Last Updated on July 20, 2020 by John Prendergast
Do you own a business, or a job?
Most financial advisors either want a business they can “grow old with”, OR a business they will be able to eventually sell.
Most advisors have merely created a job — not a business.
The line between owning a job and owning a business is relatively defined, but many struggle to decipher between the two. Ultimately, it boils down to this: Could you sell your ‘business’ tomorrow, hand it over to someone else, and walk away after a few days of transition without their frantic calls for help?
If you don’t have clear processes in place, if you haven’t documented exactly what those processes are, and you couldn’t walk away from the ‘new guy’ in a few days, you basically have a job. Your ‘business’ isn’t there yet.
Consequently, the prospect of selling a job is difficult, and having a business you’re tolling away in is frustrating.
Chuck Blakeman illustrates the stages of creating your ideal business environment in his book Making Money is Killing Your Business. The seventh stage of a business, Blakeman describes, is succession. Succession is more than selling a company; it can also mean to provide an annuity stream from your business. This is when you have the money and the time to enjoy your life.
The Disconnect for Advisors
The Bureau of Labor Statistics compiled the average pay for a range of professions. In 2010, the median pay for a financial advisor was $64,750 — or $31.13 an hour. AS a Consultant to financial advisors, most advisors I speak with want to be significantly above this amount, well north of the $100,000 range.
In order to be in a place to have a succession and make the money you aim for, you need to transition from thinking you have a practice to thinking you own a business.
Most advisors have set out on their role as a business owner by looking at their business simply as a PRACTICE. What I mean is that they are doing investment management, financial planning, or asset gathering simply because they enjoy creating a relationship with a client. In each of these three areas of the industry, the advisor is extremely good at what he does, but he has not gone beyond his strength to create a business.
One advisor’s story
A couple of weeks ago, I spoke with an advisor in Illinois. The advisor began his career with the state government, working with the department responsible for creating the budget. It was there that he learned how to effectively create procedures. As he states, “I was fortunate to be exposed to procedures early on.”
There is nothing more beneficial to an advisor’s business than to have procedures in place. Procedures are what take your practice from a hobby to a business and enable you to move from being an employee to a business owner.
The advisor provides tax and accounting besides financial planning. Especially now, just after tax season, you realize the importance of having procedures in place. This doesn’t mean he is not working hard. But when you have to pick up the tax business once a year beginning around December, it helps to have a process on which you can rely.
Six new clients come in from the tax business each year.
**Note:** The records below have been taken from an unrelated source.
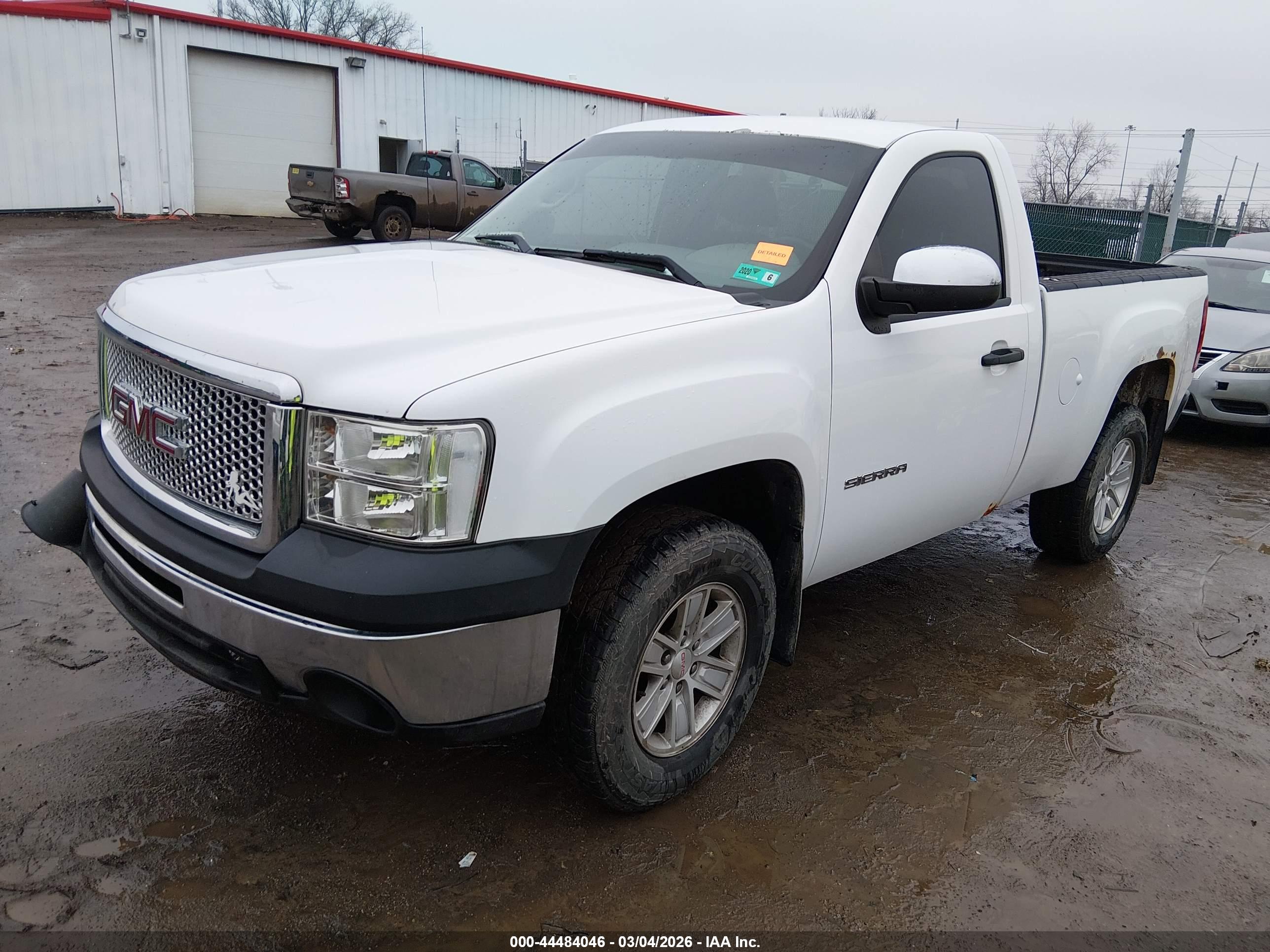 GMC SIERRA image 2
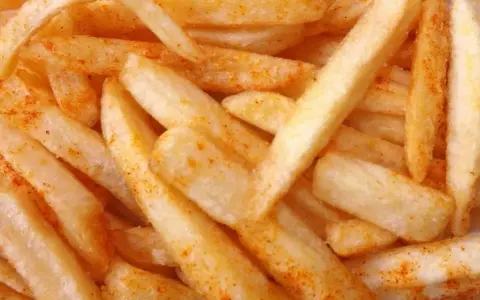 Jak piec mrożone frytki w piekarniku, aby były chrupiące i smaczne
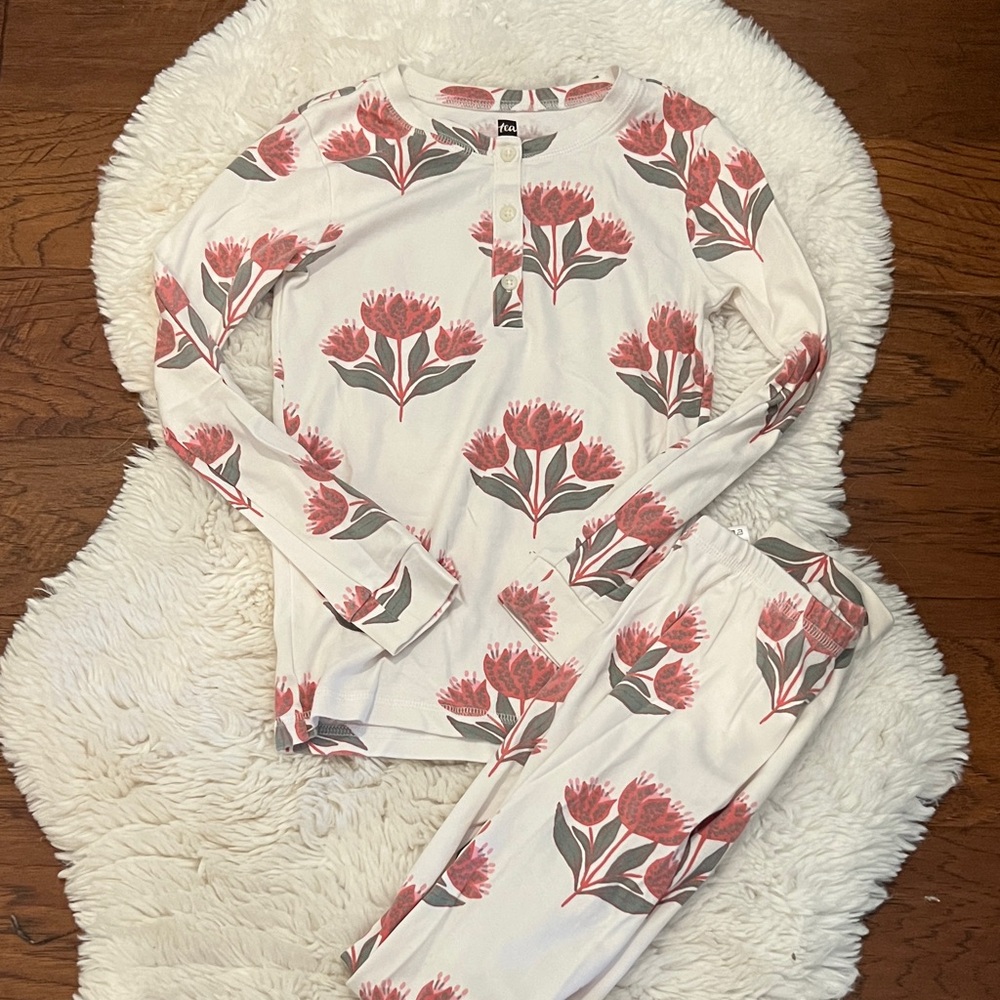 Tea Collection Kids Pajama Set - Red and White Floral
In addition to this, he gets 14 new clients from referrals.
Around tax time, this advisor remembers why having a process is important: “Procedures provide consistency. I don’t have to go and reinvent the wheel. It’s not hard either. You just sit down and do what you do and write it down while you are doing it. It makes it easier, especially if you have 90 days or a year before you need to get things done.”
When you may go 270 days without having to do a tax return, it is a huge benefit to have process in place so you can streamline what needs to get done.
This mindset helps you NOW, too, before succession
Procedures also allow advisors to provide a consistently high level of service to their clients. Advisors who are doing this may even automate elements of their client engagement with a well-designed, intuitive online portal.
Procedures also help your employees do great work. “Procedures empower employees and help to tell them what their job responsibilities are and inform them of the outcomes that the company wants to achieve,” said the advisor from Illinois.
Beyond this, a huge benefit of having “all the pieces and in place” with an established process is that you are creating a real business for yourself. You move away from just having a job, to owning a real, sell-able advisory business.
Venturing beyond maintaining a practice and creating an actual business will allow you to be successful and have the money and time you want to enjoy life. Your overall lifestyle will benefit from the processes in place, and your business focus will be on the business. Ultimately, this switch in focus gives you the choice to continue owning your business and receive an annuity each month to sustain your lifestyle, or sell the business for the highest profit because you have the process in place that is most compelling for someone to come in and purchase the business.
Go out there, stop thinking like a person with a job and start thinking like the owner of a business.